A wheel gauge is definitely worth having. I’ve seen this happen with rolling stock before, and after swapping out the wheel sets the problem vanished. I’m pretty sure you’ve got the problem identified. There’s no other logical explanation other than a wheel set being out of specs. Does the loco do the same thing in reverse. If so, you’ll have to replace both front and back. Good luck!!

Yes, they do move freely.

And yes, i need to definitely invest in a wheel gauge. Getting one very soon.

Information you are looking for is here:

1 Like

If it is “DCC Ready” it means it came from the factory with no decoder, and a DC “dummy plug” plugged into it. Period. They don’t sell “DCC Ready” engines without a dummy plug…and they don’t sell “DCC Ready” engines with a DCC decoder installed. Is this a truly “new” engine, or second-hand? It could be it came DCC Ready and the previous owner removed the dummy plug and installed a decoder.

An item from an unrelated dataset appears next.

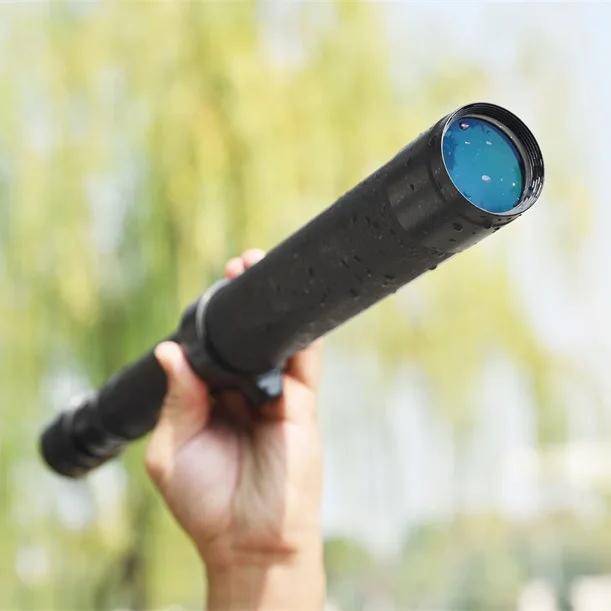 Kid-Friendly Mini Monocular Telescope – Powerful Spotting Scope for Camping and Astronomy STEM & Learning Color : White Kid-Friendly Mini Monocular Telescope - Powerful Spotting Scope for Camping and Astronomy STEM & Learning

If it has a ESU decoder in it, the Loksound sound version will act the way you describe when running on DC. It will take almost all the power your DC controller has to get it to move, because the sound takes up so much power. Does the engine make sounds? If not, it could be the speaker has a loose wire or something, rendering it silent.

If it is a non-sound decoder, it could be one of the speed CVs has been mis-set somehow. It would affect how it runs on DC also.

Maybe find a friend, local club, or local hobby shop that can test the engine on DCC and see what is going on.

Here is what it says on the outside of the box and user guide inside. I currently don’t plan to go DCC right now, but eventually will. I was just figuring that with the DCC equipped locomotives I’ve bought already in the past, (that worked on my DC only track), this would do the same. Again, this is the first time I’ve purchased anything from this company.


Thanks Maxman!

MikeK –

If you get a 21 pin “dummy plug” to convert to DC-only, be careful when you “pull” the existing 21 pin decoder up from the light board. Otherwise, you could bend the pins out of shape.

You want to exert very even upward pull on both sides. I’ve found a small screwdriver shaft placed underneath will help lift it off evenly.

Ok, I sure will. Thanks for the heads-up!

Just so you are aware, the ability for DCC locomotives to function on DC tracks was not always possible. It seems like just in the last 10-15 years has that become more common. And functionally, it’s not something I would depend on.

Engines equipped with non-sound decoders also run slow in DC mode. I would get the plug.